#### Material supplied

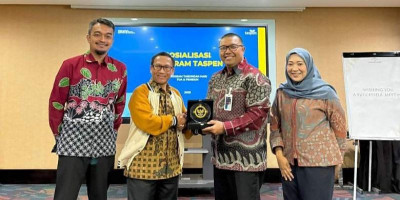Kolaborasi TASPEN dan BPK Semakin Erat Untuk Memberikan Layanan Terbaik Pada ASN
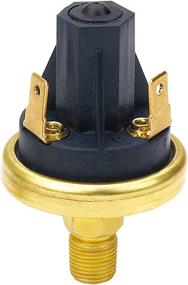 img 4 attached to Enhanced LF20 Pressure Switch with Extended Range and Accurate 10Psi±2Psi Adjustment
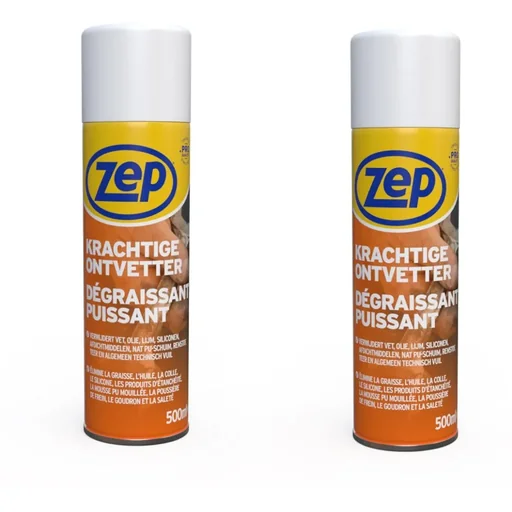 "Powerful degreaser - 500 ml x 2 pieces - Promotional pack - 2 pieces image"
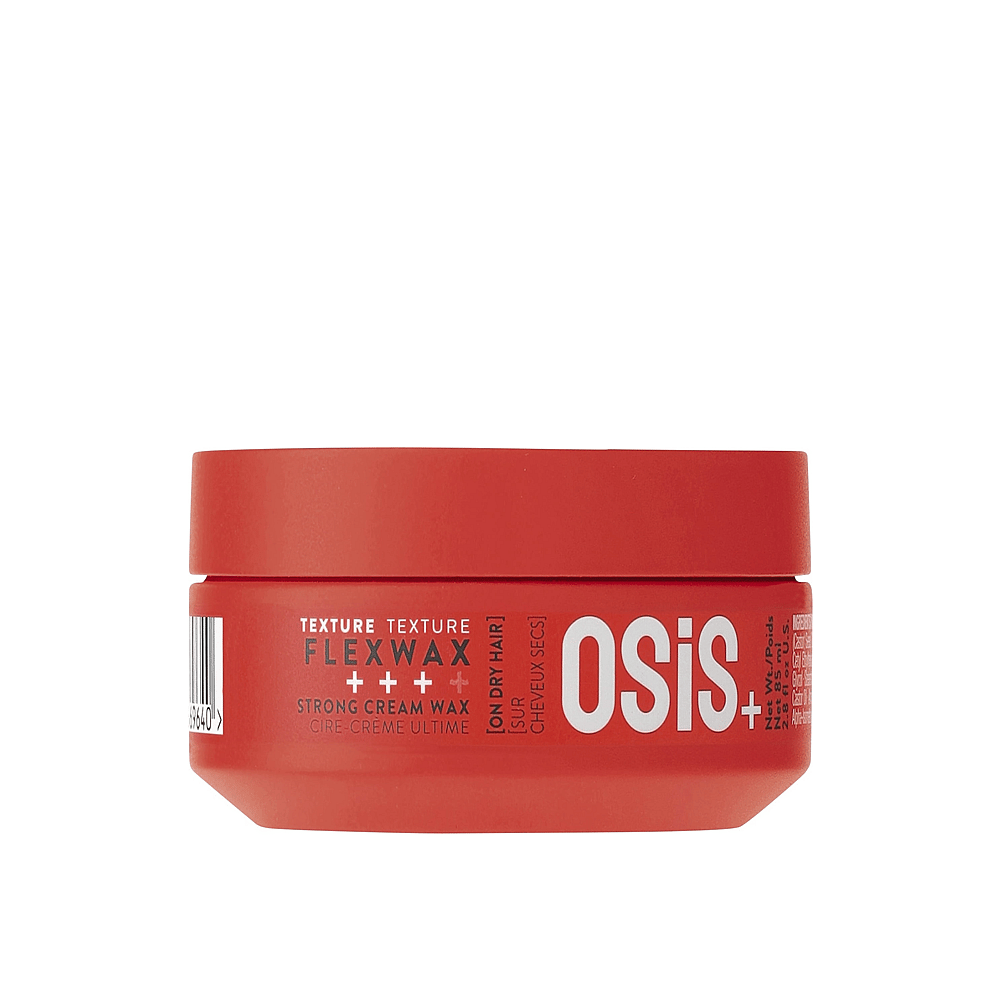 Schwarzkopf Osis+ Flexwax Strong Cream Wax 85 Ml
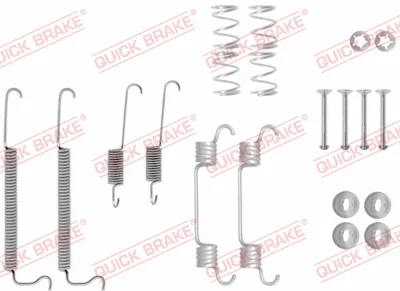 Комплектующие, тормозная колодка OJD 105-0043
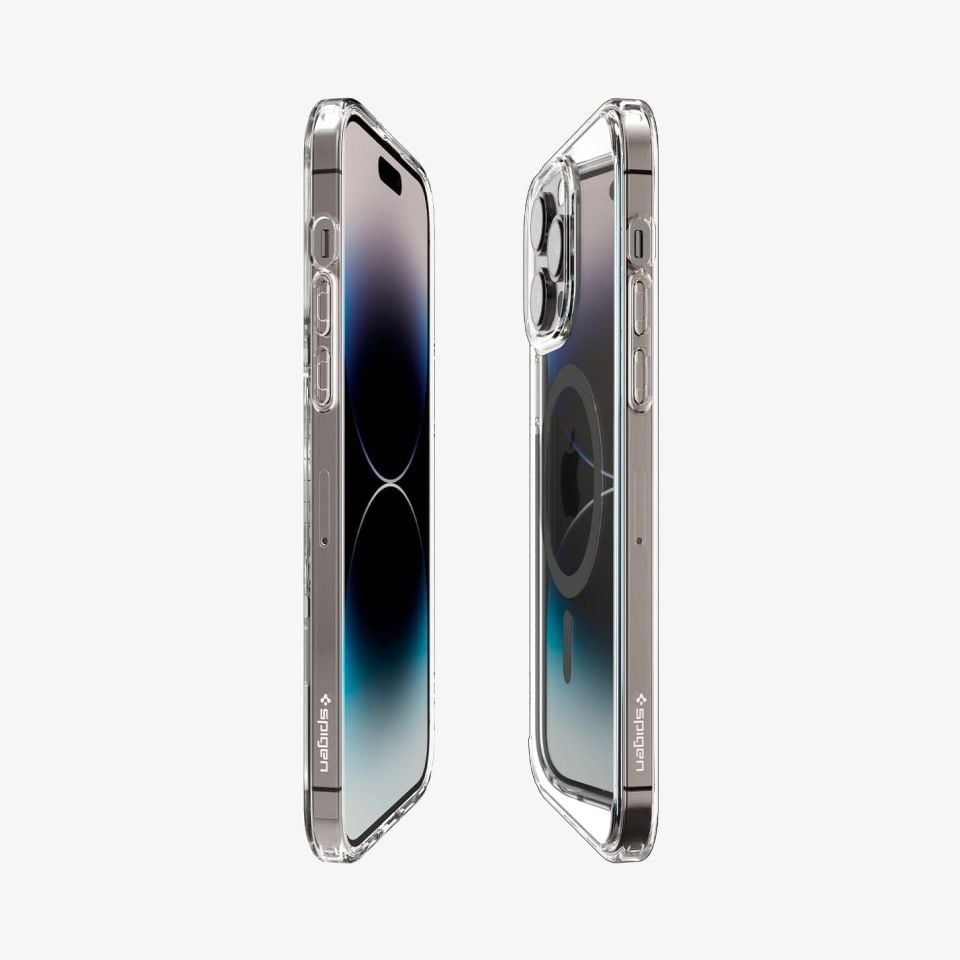 iPhone 14 Pro Max Kılıf, Spigen Ultra Hybrid MagFit (MagSafe Uyumlu) Graphite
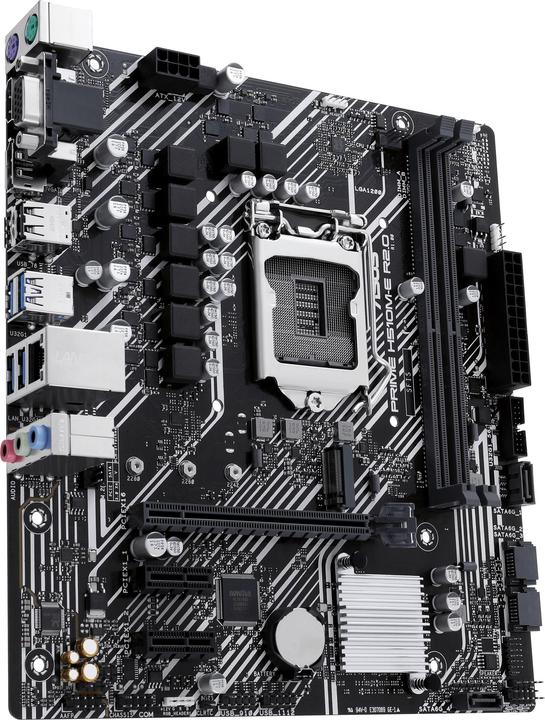 Productafbeelding ASUS PRIME H510M-E R2.0 (LGA 1200, Intel H510, mATX)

########

◆ Assignment ◆
Leave the images aside and transcribe all entries exactly.

◆ Response to this task ◆
Kolaborasi TASPEN dan BPK Semakin Erat Untuk Memberikan Layanan Terbaik Pada ASN
 img 4 attached to Enhanced LF20 Pressure Switch with Extended Range and Accurate 10Psi±2Psi Adjustment
 "Powerful degreaser - 500 ml x 2 pieces - Promotional pack - 2 pieces image"
 Schwarzkopf Osis+ Flexwax Strong Cream Wax 85 Ml
 Комплектующие, тормозная колодка OJD 105-0043
 iPhone 14 Pro Max Kılıf, Spigen Ultra Hybrid MagFit (MagSafe Uyumlu) Graphite
 Productafbeelding ASUS PRIME H510M-E R2.0 (LGA 1200, Intel H510, mATX)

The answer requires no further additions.